If your payments have never fallen behind 30 days late and the lender does not require that you pay back the loan, Fannie Mae guidelines may allow you to buy another home immediately. Finding a lender who will fund that kind of loan is very difficult. If you are current on your mortgage, you can qualify for an FHA loan immediately as well, but lender requirements can be weird such as you have to move more than 600 miles away.

If your payments are in arrears yet a short sale is granted by your lender, you may qualify to buy another home with a Fannie-Mae backed mortgage within two years, regardless of whether the home is your primary residence. The wait for FHA is 3 years. 

Buying Again After a Foreclosure

With certain restrictions, you may be eligible to buy another home in 5 years if the home was your primary residence. Without restrictions, the wait is 7 years.

If you are an investor and do not occupy the home, the wait to buy with a Fannie Mae insured loan is 7 years.
Affects on Credit After a Short Sale

A short sale may be considered to be a derogatory mark on your credit even though credit bureaus do not show the word "short sale" on your credit report. It may say "paid in full for less than agreed" or "settled for less," among other categories. Some clients have reported negative FICO score drops from 50 points to 130 points.

Major point drops are typically due to being in default, meaning you have fallen behind on your payments. 

Affects on Credit After a Foreclosure

Depending on your credit history and other guidlines, Myfico.com shows 2 examples in which a credit score could fall 105 points to 160 points after a foreclosure. Generally, a foreclosure will remain on your credit report in the tradelines section for 7 years. 

Credit Reports After a Short Sale

All lenders report short sales differently, with many reporting "paid in full for less than agreed," and some report the short sale as a charge off. Negative credit, however, stays on your report for 7 years. 

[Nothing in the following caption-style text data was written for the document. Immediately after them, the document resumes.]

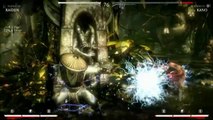 Mortal Kombat 10 Gameplay (PS4 Xbox One) - Mortal Kombat X - Scorpion Sub Zero Raiden Kano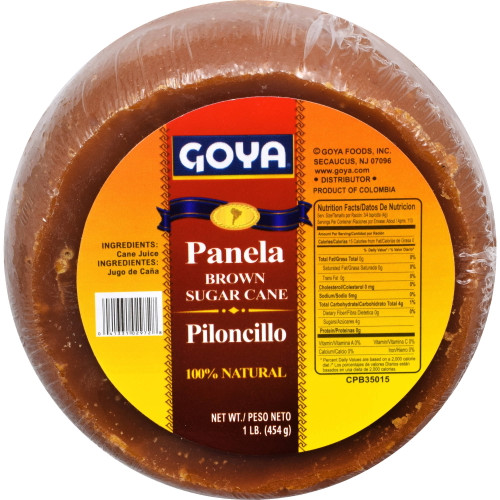 Goya Panela Brown Sugar Cane, 16 Oz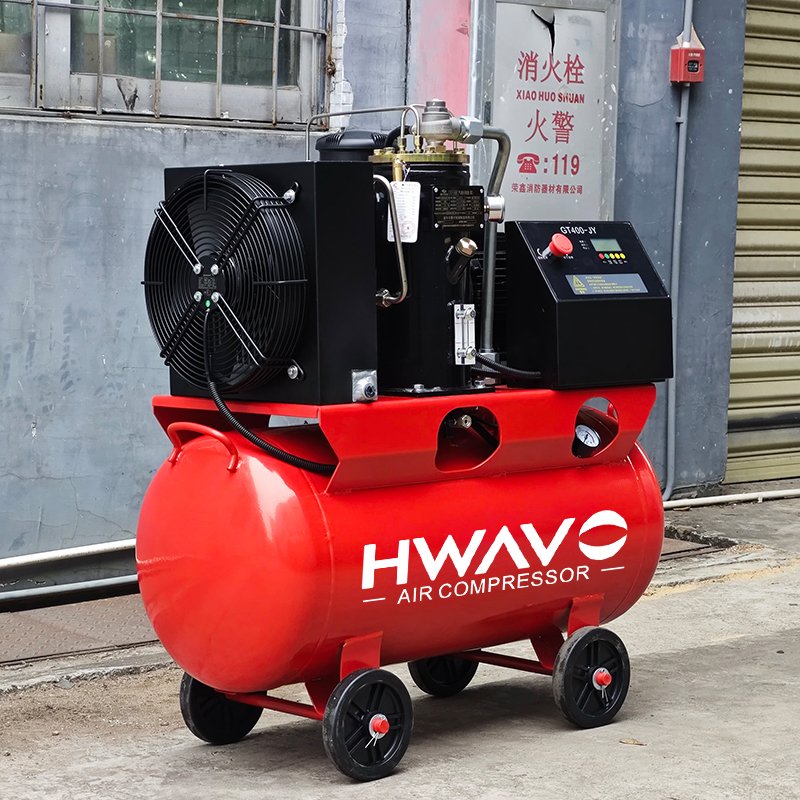 Low Price diesel Screw air Compressor Customizable 2.5 kw 10 bar Allchina Screw air Compressor in One Screw Compressor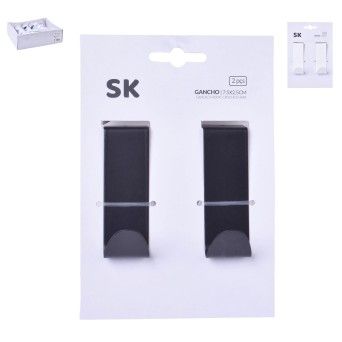 CONJ.2 GANCHOS P/PORTA SK-C-804-750 CX48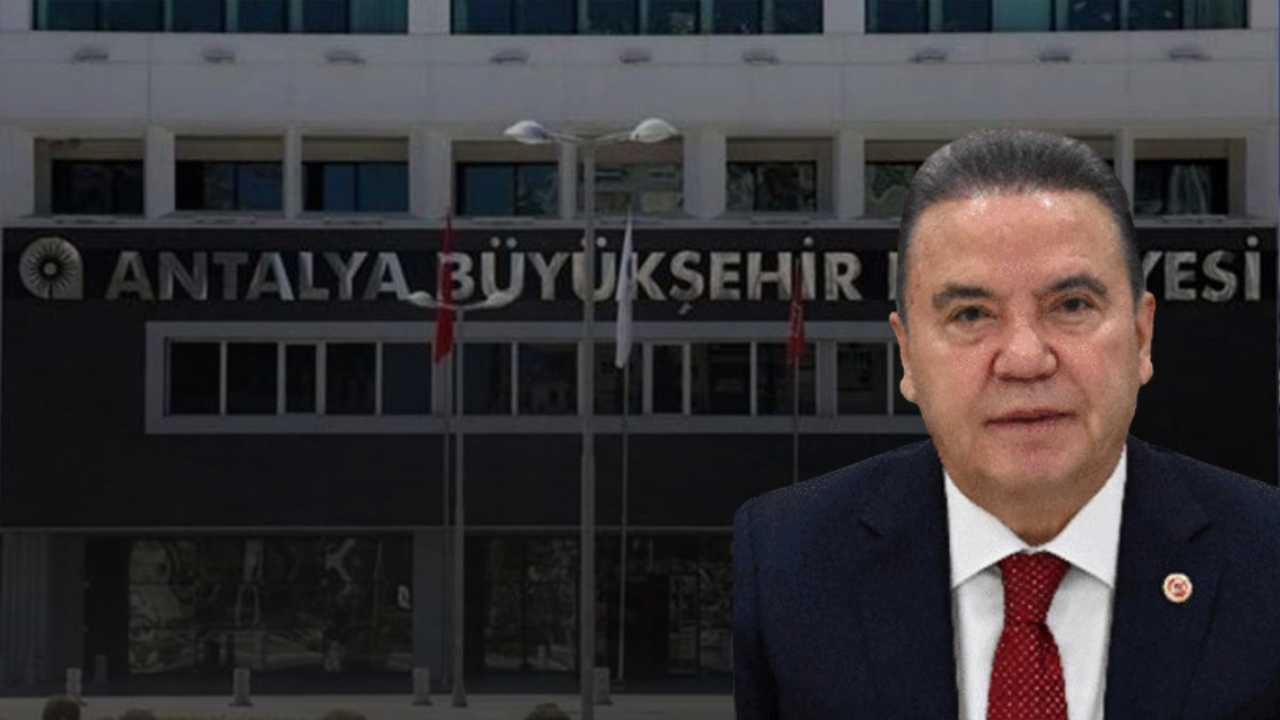 Antalya Büyükşehir Belediyesi'ne yeni operasyon! 25 kişi gözaltında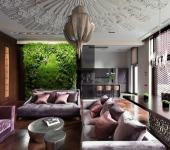 luxueuse résidence maison de luxe intérieur design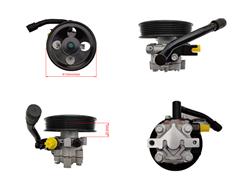 57100-2W300
  57100-2W100
   Power Steering Pump for KIA
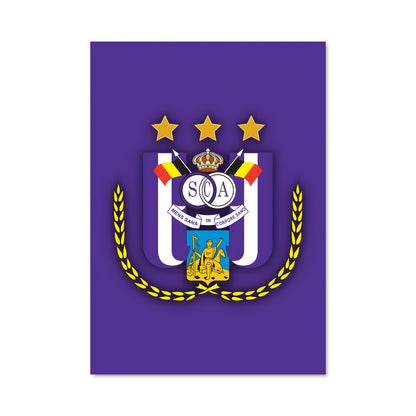 Poster Anderlecht United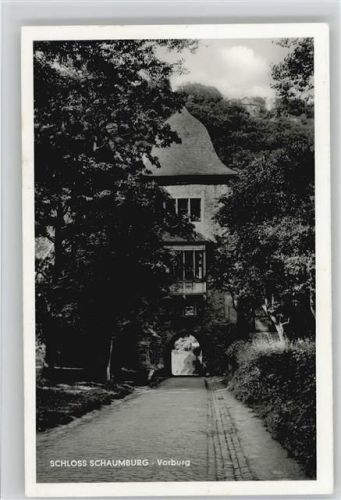 Schaumburg 1964 Schloß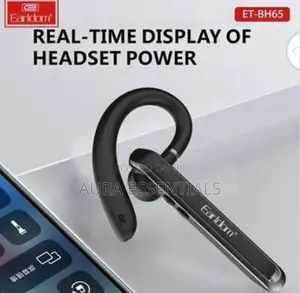 Wireless Headsets Ear Hook Single Cordless Headset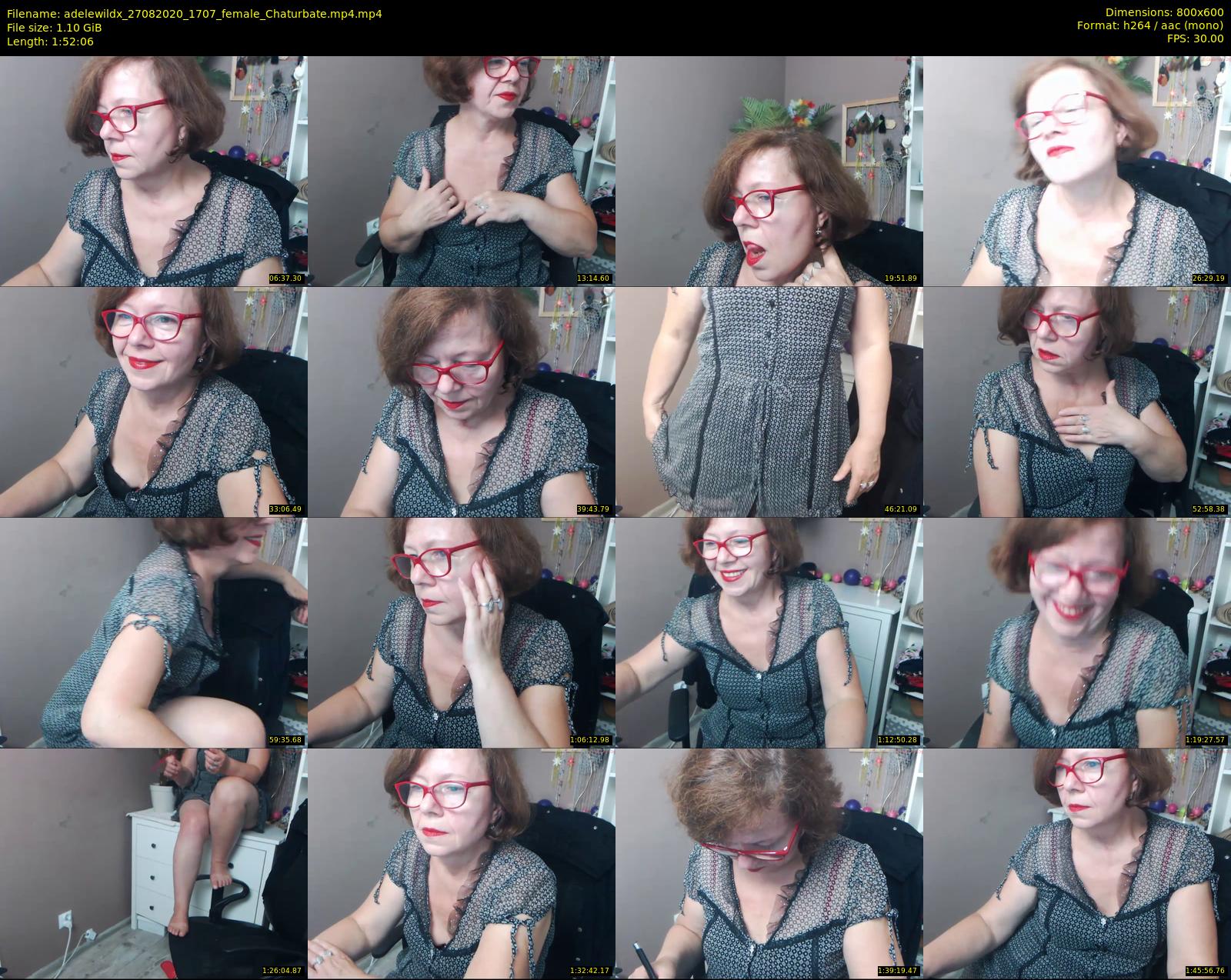 adelewildx — 113 minute Chaturbate female cam show recording, 480p, Aug 27, 2020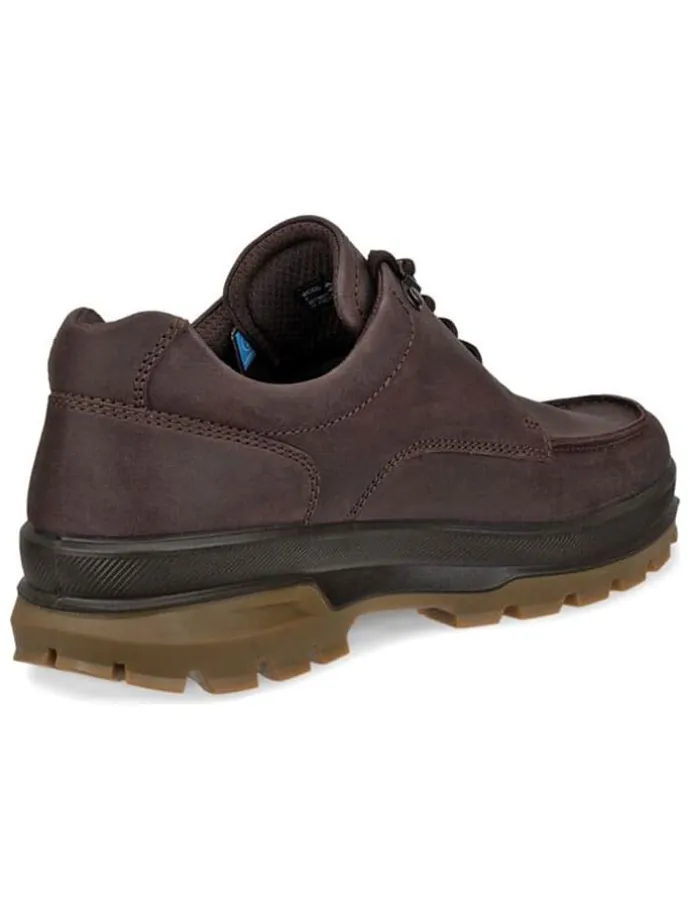 Leder-Sneakers "Rugged Track" in Braun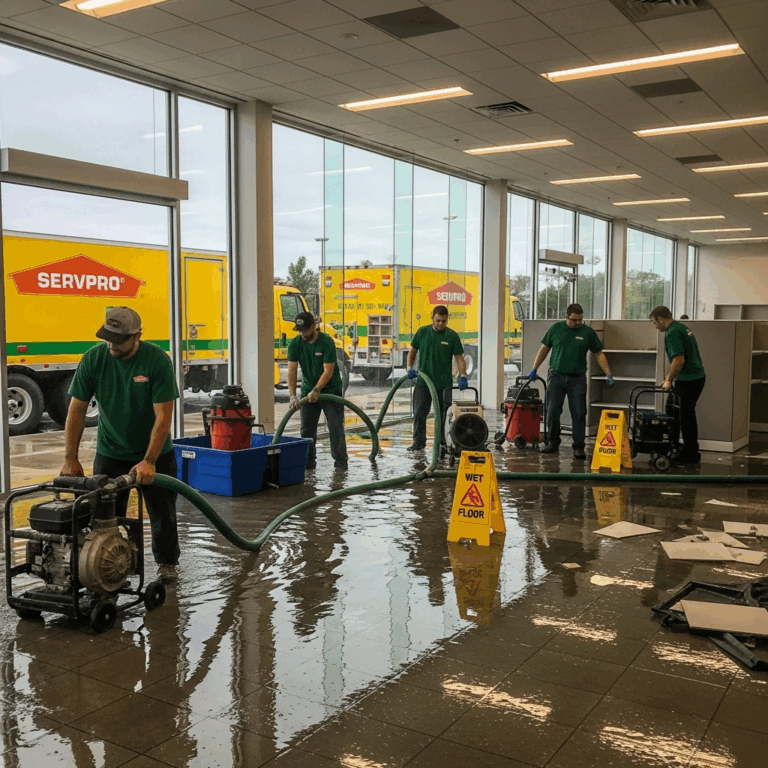 Be Prepared for the Unexpected: SERVPRO of Jersey City Offers Free Emergency Ready Plans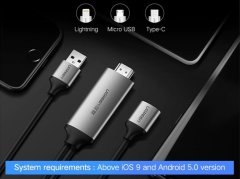 کابل مبدل اچ دی ام آی به یو اس بی Ugreen HDMI Full HD 1080p to USB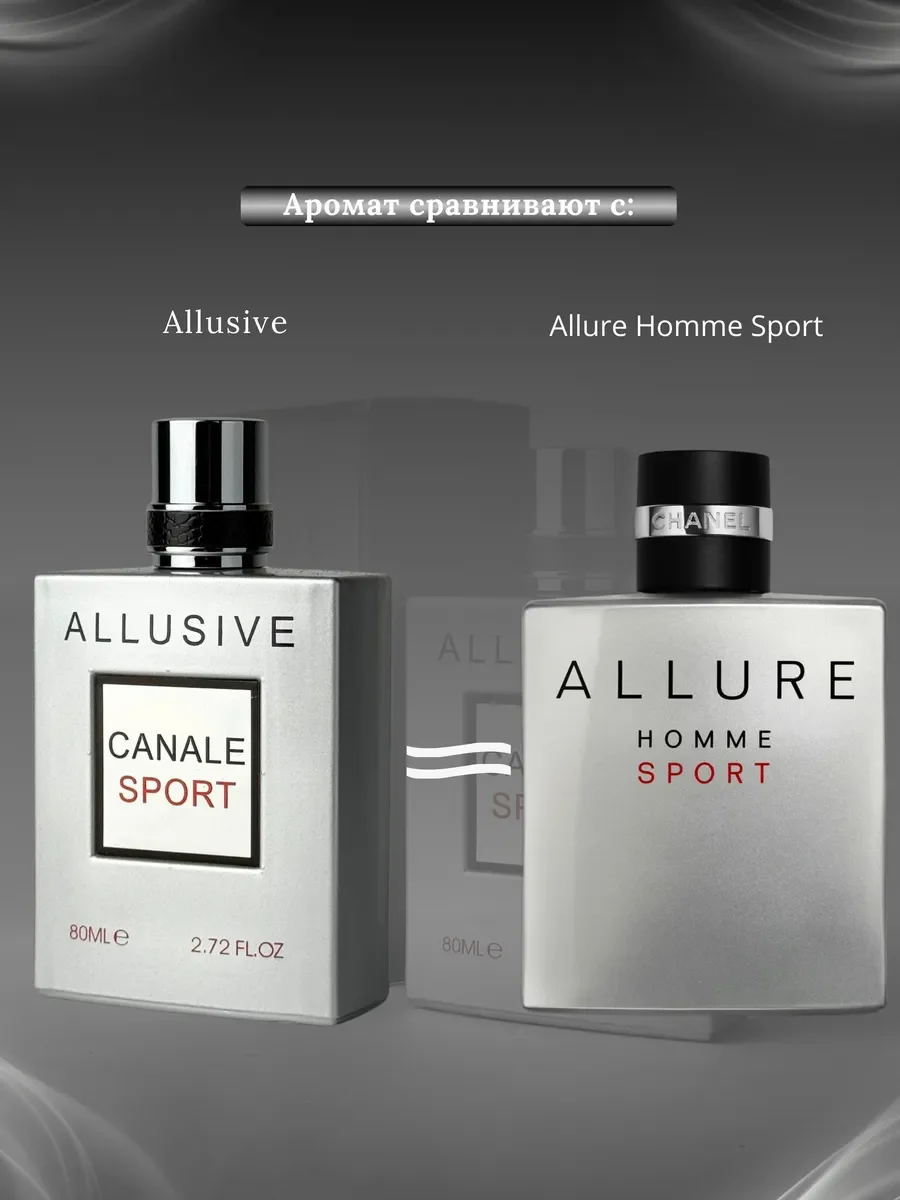Духи мужские арабские Allusive - миниатюра 6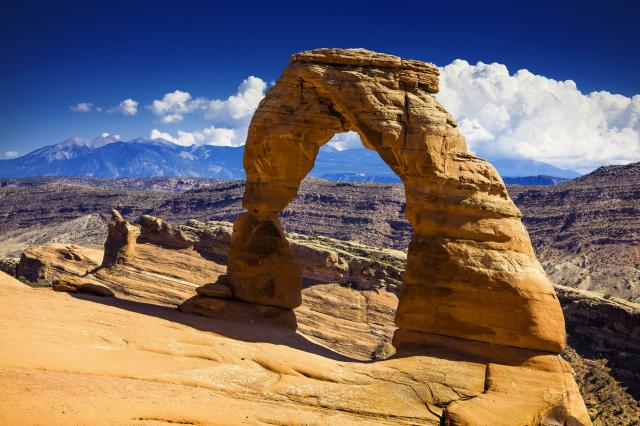 Národný Park Arches preslávili kamenné mosty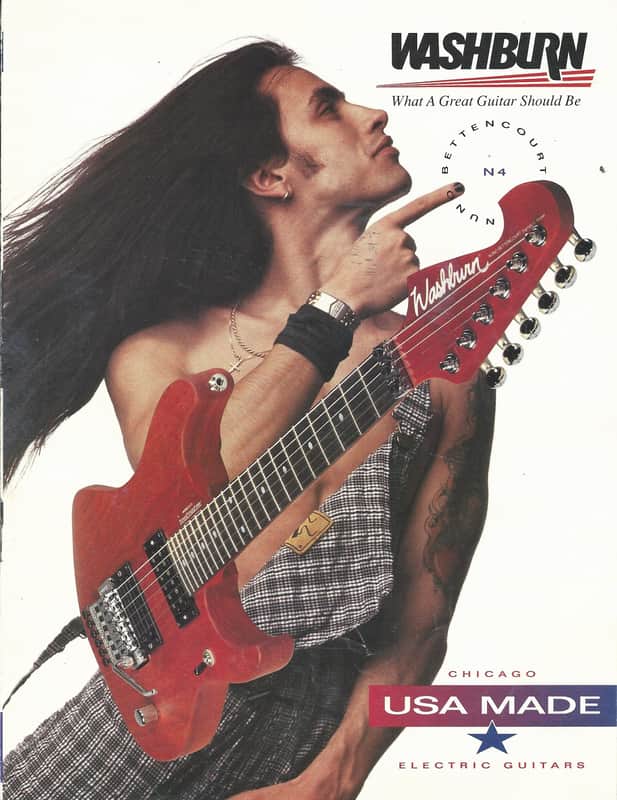 Washburn-Catalog, 1993 image 1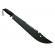 Maceta de vanatoare ideallstore®, eagle knife, 49.5 cm, otel inoxidabil, negru, teaca inclusa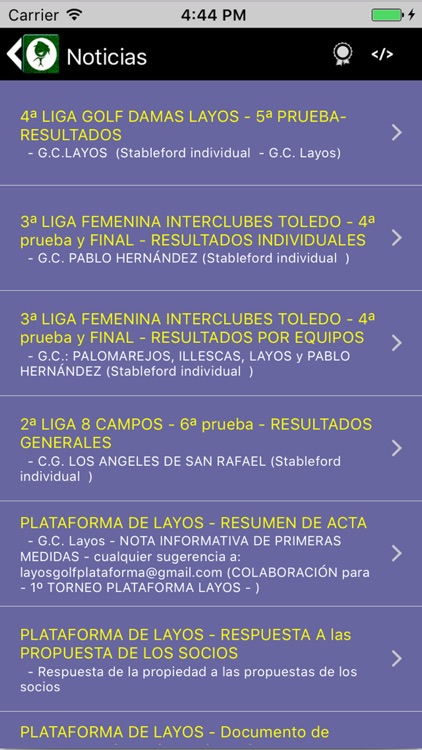 88 Golf Damas Layos screenshot-3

Credit Reports After a Foreclosure

If a prospective employer runs a credit check on you, your job application may be denied if you have a foreclosure on your record. 

Deficiency Judgments After a Short Sale

Judgments are often negotiated between the seller and the short sale bank. In some cases, such as California, if the home is your personal residence and was financed through purchase money, there is no deficiency judgment.

Deficiency Judgments After a Foreclosure

Banks are generally unwilling to negotiate deficiency judgments with the homeowner after a foreclosure. In California, for example, according to the California Association of REALTORS, a deficiency judgment may be filed regarding a hard-money loan if the lender forecloses under a judicial foreclosure versus a trustee sale or if the second loan is a hard money loan and the sale takes place as a trustee's sale. 

Loan Application Questions After a Short Sale

Loan applications do not ask questions about a short sale. You may report that you sold your home. 

Loan Application Questions After a Foreclosure

You are required to answer the question: "Have you ever had a property foreclosed upon or given a deed-in-lieu thereof in the past 7 years." If the bank sees you have had a foreclosure, your loan most likely will be denied. If you lie, you may be subject to investigation by the FBI for mortgage fraud. 

Length of Time to Move After a Short Sale

If you've had a foreclosure notice filed, you may be able to postpone that action while the bank considers your short sale. The wait for short sale approval can be from 2 to 3 months, or longer. 

Length of Time to Move After a Foreclosure

Unless prior arrangements have been made, the bank may want you to immediately vacate the property and can commence eviction proceedings. 

Taxation After a Short Sale

A personal residence is exempt from mortgage debt relief until the end of 2012 on a federal level. Some states will still tax you unless you qualify for an exemption. An investor is not exempt from mortgage debt relief, subject to certain conditions. 

Taxation After a Foreclosure

Same as with a short sale. Except some lenders immediately send out 1099s, even if the owner is exempt.

In closing, always obtain legal and tax advice before making a decision between a short sale or a foreclosure.